This distinction has more to do with machine learning algorithm categories. While clustering is considered a subcategory of "machine learning," in your case what you're doing is mostly considered linear algebra.
Pre-filtering does not affect the category: the algorithm sees only the data, which in this case is an N-dimensional geometric space from which some sort of sample-wise distance is calculated. You can influence the way that clustering happens within pheatmap by using a different distance metric (e.g. "euclidean", "maximum", "manhattan", "canberra", "binary" or "minkowski") or by changing algorithm parameters (pheatmap uses k-means, so changing k).
You can also read more about different hierarchical joining methods by reading up on hclust, which is the function underlying pheatmap:
Ward's minimum variance method aims at finding compact, spherical clusters. The complete linkage method finds similar clusters. The single linkage method (which is closely related to the minimal spanning tree) adopts a ‘friends of friends’ clustering strategy. The other methods can be regarded as aiming for clusters with characteristics somewhere between the single and complete link methods.

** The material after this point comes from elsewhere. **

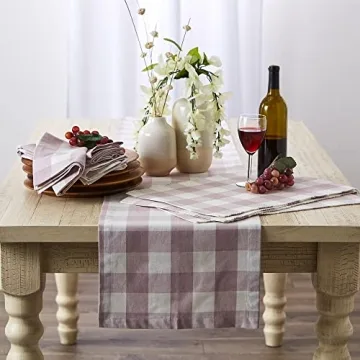 Buffalo Check Classic Farmhouse Napkin Set for Dining
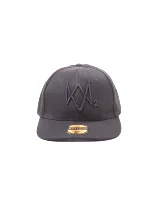 Czapka z daszkiem Watch Dogs 2 - Black Logo Snapback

Note however, that methods "median" and "centroid" are not leading to a monotone distance measure, or equivalently the resulting dendrograms can have so called inversions or reversals which are hard to interpret, but note the trichotomies in Legendre and Legendre (2012).
Supervised in most machine learning contexts means using prior information (prior data) in order to inform a decision about new data, given some category of algorithm.
Unsupervised means using only the data itself to make some decisions about the data, again given some category of algorithm.
Don't worry too much about this distinction for practical purposes, unless you're curious about the subject matter itself.